Last week’s newsfaker extravaganza of Hurricane Florence was nothing, compared with the Johnstown Flood of 1889 and the Coxey’s Army incident of 1894. The narratives surrounding those two “were extremely amusing and instructive” to then-juniors in the trade such as Mencken. Mencken admits suspicion that some of his colleagues who claimed to have covered those stories “were liars and no more…”
There is disagreement now about how many persons died due to Hurricane Maria in Puerto Rico. Such was also the case in Johnstown Flood reports where there was disagreement among the scribes “about the number of unfortunates washed into Heaven at Johnstown.”

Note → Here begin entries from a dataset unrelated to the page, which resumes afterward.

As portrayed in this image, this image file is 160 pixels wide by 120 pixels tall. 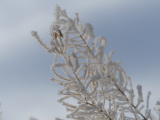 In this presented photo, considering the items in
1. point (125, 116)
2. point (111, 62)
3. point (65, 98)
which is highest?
point (111, 62)

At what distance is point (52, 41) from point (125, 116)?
145 centimetres

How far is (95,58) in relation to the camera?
281cm

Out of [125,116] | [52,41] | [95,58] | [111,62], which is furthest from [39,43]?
[125,116]

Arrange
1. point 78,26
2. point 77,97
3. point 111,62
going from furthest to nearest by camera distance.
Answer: point 78,26, point 77,97, point 111,62

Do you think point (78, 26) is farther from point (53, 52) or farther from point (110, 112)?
point (110, 112)

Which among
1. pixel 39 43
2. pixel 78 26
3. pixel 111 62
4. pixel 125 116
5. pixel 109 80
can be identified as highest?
pixel 78 26

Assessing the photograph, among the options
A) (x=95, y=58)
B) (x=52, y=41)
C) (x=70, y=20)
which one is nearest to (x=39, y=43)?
(x=52, y=41)

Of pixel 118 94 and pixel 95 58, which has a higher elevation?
pixel 95 58

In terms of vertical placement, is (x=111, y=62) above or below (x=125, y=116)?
above

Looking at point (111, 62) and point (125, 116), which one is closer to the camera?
point (111, 62)

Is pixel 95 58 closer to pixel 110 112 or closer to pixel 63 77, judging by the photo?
pixel 63 77

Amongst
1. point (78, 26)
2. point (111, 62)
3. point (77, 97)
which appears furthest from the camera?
point (78, 26)

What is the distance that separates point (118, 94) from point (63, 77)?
77cm

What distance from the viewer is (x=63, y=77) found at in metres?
2.71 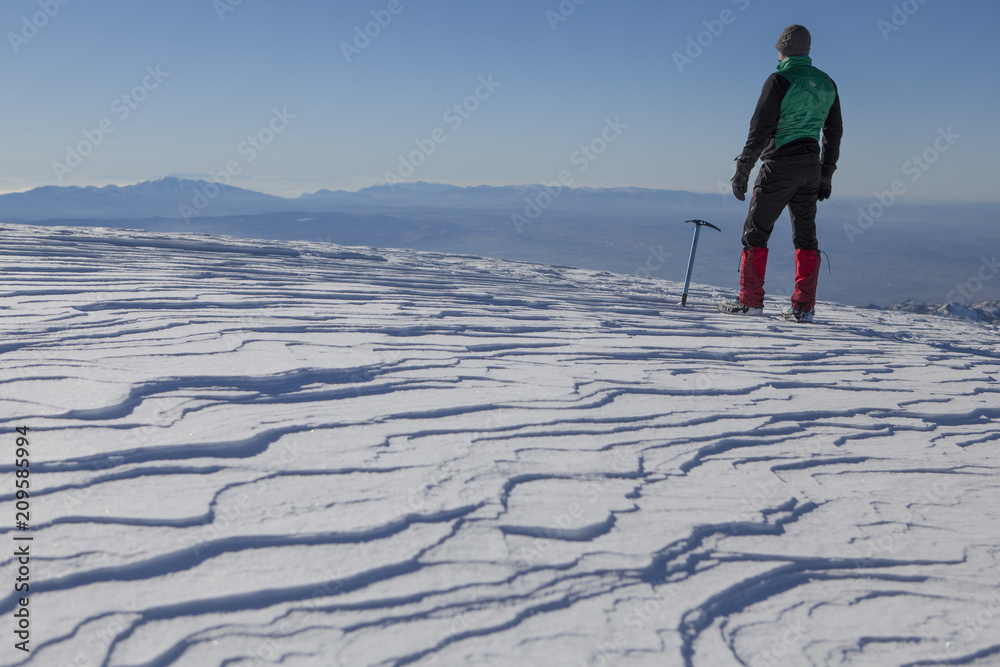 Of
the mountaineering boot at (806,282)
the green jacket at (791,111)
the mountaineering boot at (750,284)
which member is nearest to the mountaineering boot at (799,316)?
the mountaineering boot at (806,282)

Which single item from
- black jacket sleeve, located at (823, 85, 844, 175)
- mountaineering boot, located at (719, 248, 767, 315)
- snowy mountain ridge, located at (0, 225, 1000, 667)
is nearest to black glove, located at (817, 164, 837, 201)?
black jacket sleeve, located at (823, 85, 844, 175)

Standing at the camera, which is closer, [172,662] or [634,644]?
[172,662]

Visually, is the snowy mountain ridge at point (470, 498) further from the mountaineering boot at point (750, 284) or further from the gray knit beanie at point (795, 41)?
the gray knit beanie at point (795, 41)

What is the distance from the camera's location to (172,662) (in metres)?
1.03

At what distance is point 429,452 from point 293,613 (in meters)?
0.70

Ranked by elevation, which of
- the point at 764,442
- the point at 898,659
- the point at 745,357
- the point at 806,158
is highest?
the point at 806,158

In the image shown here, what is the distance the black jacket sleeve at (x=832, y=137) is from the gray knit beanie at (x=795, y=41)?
1.73 feet

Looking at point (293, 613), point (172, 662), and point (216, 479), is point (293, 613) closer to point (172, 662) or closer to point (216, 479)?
point (172, 662)

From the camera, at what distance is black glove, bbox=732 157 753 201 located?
4672mm

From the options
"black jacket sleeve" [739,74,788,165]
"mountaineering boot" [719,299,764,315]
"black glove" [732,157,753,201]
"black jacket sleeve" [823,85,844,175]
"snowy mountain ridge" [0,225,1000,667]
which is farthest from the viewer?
"mountaineering boot" [719,299,764,315]

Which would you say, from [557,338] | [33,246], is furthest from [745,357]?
[33,246]

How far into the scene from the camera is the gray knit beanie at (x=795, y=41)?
14.8 feet

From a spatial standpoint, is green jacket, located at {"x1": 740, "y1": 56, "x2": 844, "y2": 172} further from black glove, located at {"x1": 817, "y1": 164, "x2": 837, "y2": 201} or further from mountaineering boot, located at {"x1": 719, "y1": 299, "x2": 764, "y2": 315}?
mountaineering boot, located at {"x1": 719, "y1": 299, "x2": 764, "y2": 315}

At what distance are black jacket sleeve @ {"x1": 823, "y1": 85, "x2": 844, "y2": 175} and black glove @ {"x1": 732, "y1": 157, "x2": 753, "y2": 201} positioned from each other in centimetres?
83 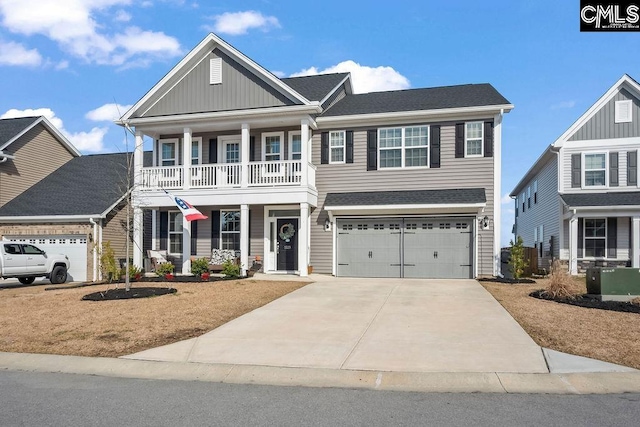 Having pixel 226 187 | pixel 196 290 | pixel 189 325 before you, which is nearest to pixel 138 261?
pixel 226 187

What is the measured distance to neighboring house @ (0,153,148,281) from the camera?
2083 cm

In the Coxey’s Army reports, there were almost as many reporters on the story as there were members of Coxey’s Army itself, and the scribes never agreed on “the number of hoboes, runaway boys, three-card monte operators, absconding debtors and other such advanced thinkers who marched with Coxey.”
As a young cub in the newsfaker trade, Mencken tells us he was puzzled by discrepancies in the reports. It was only later that he learned “that neither journalism nor history is an exact science.”
But it was the Scopes Trial of 1925 which wins the prize for newsfaker extravaganza. Before journeying to Dayton, Tennessee for THE TRIAL OF THE CENTURY (before the later O.J. Simpson Trial Of The Century), Mencken met with Edgar Lee Masters in New York City. There, the two conspired to have Mencken distribute fake handbills written by Masters once the former arrived in Dayton. The handbills read, in part, as follows:
COMING! COMING! To Dayton, Tennessee. During the Trial of the Infidel Scopes. ELMER CHUBB, L.L.D., D.D. Dr. Chubb will allow himself to be bitten by any poisonous snake, scorpion, gila monster, or other reptile… In demonstration of the words of our Lord and Saviour Jesus Christ, as found in the 16th Chapter of the Gospel of St. Mark…
In Dayton, Mencken caused the fake news handbills to be distributed, then gleefully waited for the local yokels to be fooled.
However Mencken was disappointed in his hopes. In that part of Tennessee at the time, snake handlers were a dime-a-dozen. No one showed up to attend the Reverend Chubb appearance.
Another time while covering the Scopes trial, Mencken belatedly admits responsibility for another bit of fake news. A local preacher kept trying to convert Mencken. Mencken was too polite to tell him to get lost. One day, Mencken and a friend were strolling through town and again the preacher came up to harangue Mencken. In desperation, Mencken lied to the preacher and said, “Can’t talk now, something big has come up.”
The preacher begged to be let in on the “news,” and Mencken, on the spot, invented a story about twenty Bolshevik assassins arriving by train from Cincinnati: they were coming to murder William Jennings Bryan, one of the prosecution team! Mencken told the preacher to tell no one about it, but he disregarded instructions and went to warn Bryan. From there, the “news” went out all over town. The police went on high alert. When the Cincinnati train arrived, only a lowly YMCA employee disembarked, not twenty Russian killers. Nonetheless, the YMCA man was promptly arrested.
So you can see by this how, even in olden times, the newsfakers were wreaking havoc wherever they went.